Em oitiva na Comissão Parlamentar Mista de Inquérito (CPMI) dos atos golpistas de 8 de janeiro, o perito Renato Carrijo, da Polícia Civil do Distrito Federal (PCDF), afirmou, nesta quinta-feira (22/6), que a bomba encontrada em um caminhão próximo ao aeroporto de Brasília é industrial e utilizada em pedreiras para destruir rochas.
O colegiado também ouve, nesta quinta, George Washington de Oliveira Sousa, condenado a 9 anos e 4 meses de prisão, sob suspeita de plantar um explosivo em um caminhão-tanque. Também prestarão depoimento os investigadores que atuaram na operação: perito da PCDF Valdir Pires Dantas Filho, perito Renato e delegado Leonardo de Castro.
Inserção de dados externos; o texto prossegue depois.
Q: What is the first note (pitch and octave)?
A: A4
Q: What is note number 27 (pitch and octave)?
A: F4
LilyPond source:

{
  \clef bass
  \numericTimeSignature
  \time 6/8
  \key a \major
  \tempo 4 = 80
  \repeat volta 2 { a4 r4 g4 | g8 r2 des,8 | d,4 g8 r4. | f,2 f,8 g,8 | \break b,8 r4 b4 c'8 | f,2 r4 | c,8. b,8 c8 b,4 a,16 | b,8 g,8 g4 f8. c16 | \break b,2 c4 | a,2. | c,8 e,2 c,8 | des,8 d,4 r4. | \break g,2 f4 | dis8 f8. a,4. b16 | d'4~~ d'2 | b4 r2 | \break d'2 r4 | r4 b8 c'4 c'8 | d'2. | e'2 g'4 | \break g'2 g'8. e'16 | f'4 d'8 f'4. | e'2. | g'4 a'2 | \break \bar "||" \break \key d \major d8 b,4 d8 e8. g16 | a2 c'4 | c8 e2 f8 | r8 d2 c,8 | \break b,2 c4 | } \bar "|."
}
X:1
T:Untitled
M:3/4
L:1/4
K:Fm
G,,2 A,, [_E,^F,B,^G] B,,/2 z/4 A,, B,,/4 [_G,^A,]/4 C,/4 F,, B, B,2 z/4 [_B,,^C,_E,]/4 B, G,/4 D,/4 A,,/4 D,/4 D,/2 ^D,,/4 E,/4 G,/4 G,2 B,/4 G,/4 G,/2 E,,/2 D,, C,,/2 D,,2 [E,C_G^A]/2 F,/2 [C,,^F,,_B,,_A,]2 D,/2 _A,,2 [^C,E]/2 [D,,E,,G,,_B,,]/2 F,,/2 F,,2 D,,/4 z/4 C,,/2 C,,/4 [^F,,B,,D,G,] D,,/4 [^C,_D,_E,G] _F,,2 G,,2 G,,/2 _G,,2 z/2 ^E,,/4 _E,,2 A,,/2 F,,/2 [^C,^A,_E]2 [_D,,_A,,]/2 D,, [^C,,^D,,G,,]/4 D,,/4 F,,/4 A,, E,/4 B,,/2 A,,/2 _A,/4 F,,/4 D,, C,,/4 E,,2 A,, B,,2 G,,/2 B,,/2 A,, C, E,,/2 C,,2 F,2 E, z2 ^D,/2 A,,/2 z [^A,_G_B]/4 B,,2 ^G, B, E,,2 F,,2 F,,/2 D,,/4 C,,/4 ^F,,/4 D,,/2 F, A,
Carrijo estava de plantão na data da tentativa de atentado, em 24 de dezembro de 2022: “É um explosivo industrial, geralmente utilizado em pedreiras para rompimento de rochas”, destacou.
“Não tenho informação técnica e precisa sobre [como é feito] o controle, mas eu entendo de legislação. Os produtos perigosos, principalmente os explosivos, são de uso controlado. E é o Exército quem controla parte dos produtos – e eu estou me referindo à emulsão, que foi o que eu encontrei”, disse o perito.
“Emulsões utilizadas em pedreiras são controladas pelo Exército, e são distribuídas apenas, se eu não estiver muito enganado, para CNPJs, ou seja, empresas que trabalhem diretamente com fim do uso explosivo. Então, não é um indivíduo qualquer que pode adquirir esse explosivo”, explicou Renato.
CPI
A CPMI começou a rodada de oitivas na terça-feira (20/6), com o depoimento do ex-diretor-geral da Polícia Rodoviária Federal (PRF) Silvinei Vasques.